Exhibitions are where artworks meet their publics. In the context of Asia, however, in the absence of systematic public collections and substantial academic art history departments dedicated to 20th and 21st century art from the region, exhibitions are more than just sites of display and interaction. Exhibitions have become the primary sites of art historical construction for recent art from the region. AAA explores the impact of this phenomena through a major international symposium, and an accompanying programme of film screenings.
An exhibition is a juxtaposition of artworks that cam foster visual conversations and make new propositions. The selection of these works and their physical placement play an important role in how the works are read and the art historical narratives they tell. As important a role as catalogue texts that seek to explicate and unpack them or the digital footprint they leave through e-publications or special websites. Exhibitions also have to be championed, funded, marketed, toured and received.
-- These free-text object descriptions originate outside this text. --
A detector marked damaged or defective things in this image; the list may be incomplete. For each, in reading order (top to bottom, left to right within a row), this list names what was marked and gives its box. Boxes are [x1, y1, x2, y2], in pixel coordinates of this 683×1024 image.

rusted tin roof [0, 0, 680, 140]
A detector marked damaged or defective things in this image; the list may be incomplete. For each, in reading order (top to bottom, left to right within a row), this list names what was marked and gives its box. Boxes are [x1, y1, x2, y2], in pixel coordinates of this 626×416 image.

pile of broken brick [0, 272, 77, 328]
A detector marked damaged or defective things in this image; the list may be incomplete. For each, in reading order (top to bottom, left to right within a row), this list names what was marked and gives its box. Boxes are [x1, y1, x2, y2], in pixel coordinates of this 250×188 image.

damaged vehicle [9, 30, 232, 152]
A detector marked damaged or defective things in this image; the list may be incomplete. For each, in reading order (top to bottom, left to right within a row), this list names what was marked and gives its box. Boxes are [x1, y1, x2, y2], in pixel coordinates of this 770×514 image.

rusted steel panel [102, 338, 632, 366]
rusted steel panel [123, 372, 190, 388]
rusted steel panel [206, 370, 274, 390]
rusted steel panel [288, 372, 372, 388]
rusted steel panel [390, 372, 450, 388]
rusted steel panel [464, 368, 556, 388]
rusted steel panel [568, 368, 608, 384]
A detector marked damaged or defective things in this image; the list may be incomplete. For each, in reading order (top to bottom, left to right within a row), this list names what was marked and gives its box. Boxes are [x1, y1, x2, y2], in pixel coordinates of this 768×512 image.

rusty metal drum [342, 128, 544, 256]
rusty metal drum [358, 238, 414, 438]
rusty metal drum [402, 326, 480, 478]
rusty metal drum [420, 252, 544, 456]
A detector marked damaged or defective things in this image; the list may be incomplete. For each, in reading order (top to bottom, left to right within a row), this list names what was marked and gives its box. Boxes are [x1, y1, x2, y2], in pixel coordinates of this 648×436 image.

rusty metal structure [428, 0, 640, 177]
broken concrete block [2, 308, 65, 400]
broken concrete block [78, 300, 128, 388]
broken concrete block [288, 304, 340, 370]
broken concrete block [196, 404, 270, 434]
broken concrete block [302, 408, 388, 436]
Examining the institutional, personal and sometimes national (or supranational) demands that support, guide and even initiate exhibitions, and the publics they seek to address, is crucial to understanding the work that exhibitions do.
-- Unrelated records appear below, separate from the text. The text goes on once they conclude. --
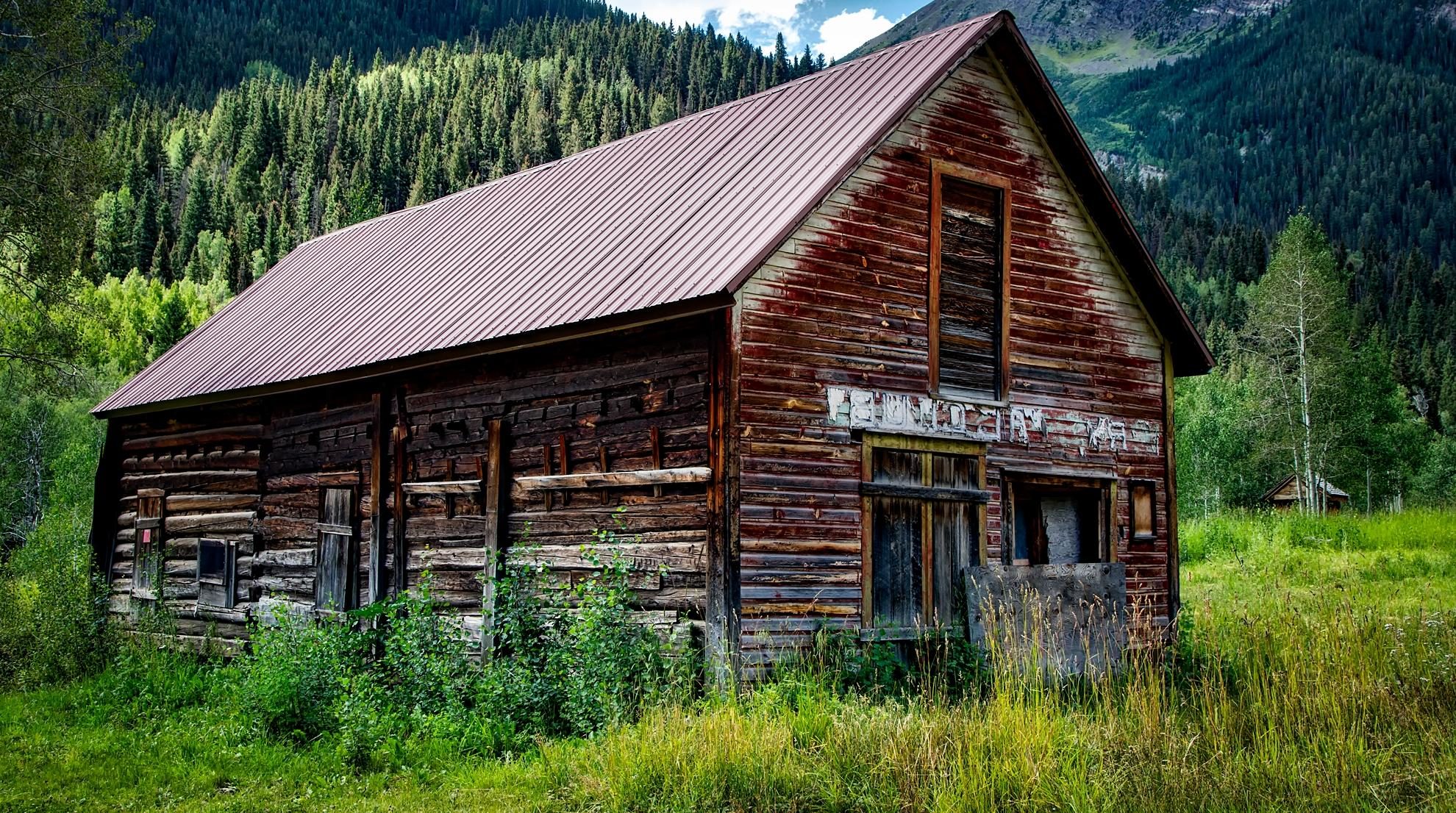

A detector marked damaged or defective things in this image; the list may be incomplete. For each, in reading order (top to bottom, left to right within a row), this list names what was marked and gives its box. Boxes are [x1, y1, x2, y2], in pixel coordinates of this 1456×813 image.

rusty metal roof [91, 11, 1206, 418]
broken window frame [935, 162, 1012, 406]
broken window frame [133, 485, 166, 600]
broken window frame [197, 535, 237, 606]
broken window frame [316, 485, 362, 612]
broken window frame [865, 435, 994, 638]
broken window frame [1000, 476, 1118, 565]
broken window frame [1135, 479, 1159, 541]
Asia Art Archive has both recognised, and through its collection, reflected the importance of the role of exhibitions in Asia since its constitution. Exhibitions and their expanded traces—catalogues, invitations, reviews, photo-documentation, curatorial notes and correspondence—are the dominant category of records that we have assimilated over the 13 years of our existence. This symposium is part of this long-term engagement with, and an ongoing enquiry into, the role of exhibitions in the region.
Anchored around a series of influential exhibitions of art from China that took place in and around 1993, this symposium frames a broader enquiry into the role of exhibitions in the historicisation of recent art in Asia. The symposium is organised into four sessions led by leading international scholars: Iftikhar Dadi, Jane DeBevoise, Patrick D. Flores, and Joan Kee; and punctuated by keynote addresses from three leading critical thinkers: John Clark, Gao Shiming, and Irit Rogoff. Six 'Open Call' papers (selected from an impressive 114 submissions from curators and scholars round out what we hope will be an intellectual feast over two and a half days.
The symposium was preceded, and complemented, by a screening programme of nearly 20 documentary films over eight weeks—screened in partnership with Asia Society, Film Culture Centre, Hong Kong Arts Centre, Spring Workshop and Ying E Chi—that explored the part played by documentary films in carrying art historical narratives.
A programme of this scale and ambition would not have been possible without the substantial financial support of the Arts Capacity Development Funding Scheme of the Government of the Hong Kong Special Administrative Region, with additional funding from the Burger Collection. We are also grateful to the Hong Kong Arts Centre for collaborating with us in presenting the symposium, and for the AAA team for making it all happen. But above all we grateful to our participants for their willingness to share their time, energy and collective knowledge in a spirit of collegiality. We feel privileged to be part of this conversation.